Electrical clocks and watches employ electrical energy. We might provide this by putting in a fresh battery (which is a reserve of chemical potential energy), although sometimes the battery is rather larger than the clock it powers!
Mains powered clocks often do not have a built-in energy reserve and so these are reliant on a continuous supply to keep going. Solar powered clocks and watches use solar panels to convert light to electricity, which then charges a battery – this reserve is essential as the power source is not reliable – e.g. day and night.
So, those are a few examples of how clocks and watches can obtain the energy they need. Of all the types of energy I can think of, only sound and atomic energy have not been not used to directly power clocks and watches. As to how they exploit the energy… well that is another story altogether… maybe for a later post!
It’s for the birds
This post was written by James Nye
Some pigeon racers were cheats. This was the shocking brief given to the Skymaster Clock team in the 1950s when refining their latest patent racing clock.
It was a serious business for the 100,000 registered pigeon fanciers in Britain, and rigid standards were enforced. Defeating the few cheats involved some inspired horology, and when I heard how clever the solution was, I wanted to share it here. But first, let’s understand the basics.
The Skymaster clock contains a 7-jewelled platform escapement movement, coupled to an inked ribbon stamping mechanism (like a time-recorder) which presses a paper tape against an internal mirror image dial (in relief), recording the time a returning pigeon’s identifying ring is inserted.
Races are won by seconds. Pigeon clocks are meticulously checked and every option to cheat is blocked. But unscrupulous fanciers had come to believe that platform escapement clocks could have their rates meaningfully altered, for example by swinging the clock in the same plane as the balance, so that they might both retard the locked clock (ideal before the pigeon arrives) and advance it (needed once the pigeon is back) to get it back to time before being examined by an official.
The effectiveness of these methods is uncertain but, nevertheless, Eric Moss and Bruce Alexander of Smiths were compelled to devise a brilliant solution for the Skymaster – called the ‘Dolometer’. They based it on an electro-mechanical car clock, in which typically an inverted-Sully escapement (electrically driven) advances the train. See an animation here. They removed the magnetic drive, and relied on the overall motion of the clock to drive the Dolometer – thus the dial reveals the degree of any shaking.

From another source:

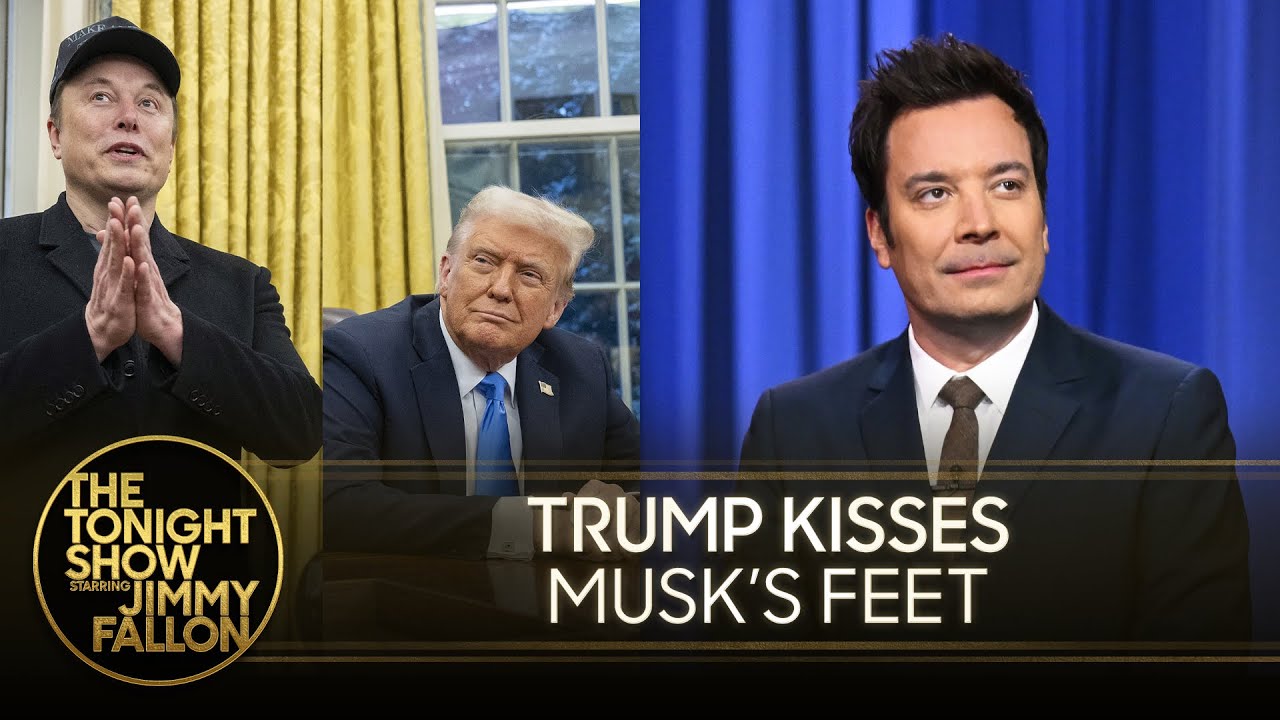 Elon Musk Demands Federal Workers Justify Jobs, Trump Kisses Musk's Feet in AI Video | Tonight Show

Calibrate for ‘normal’ activity (the natural joggling of a journey home to the loft, plus a margin for error) and if the Dolometer shows an excess, you have detected a naughty pigeon fancier’s attempted fraud. Bruce Alexander carried a dolometer for days – even cycled with it – to work out what a normal reading would be.
This seems to me to have been inspired thinking on the part of the designers. And it inspired me to acquire a Skymaster so that I could dismantle and photograph it for you.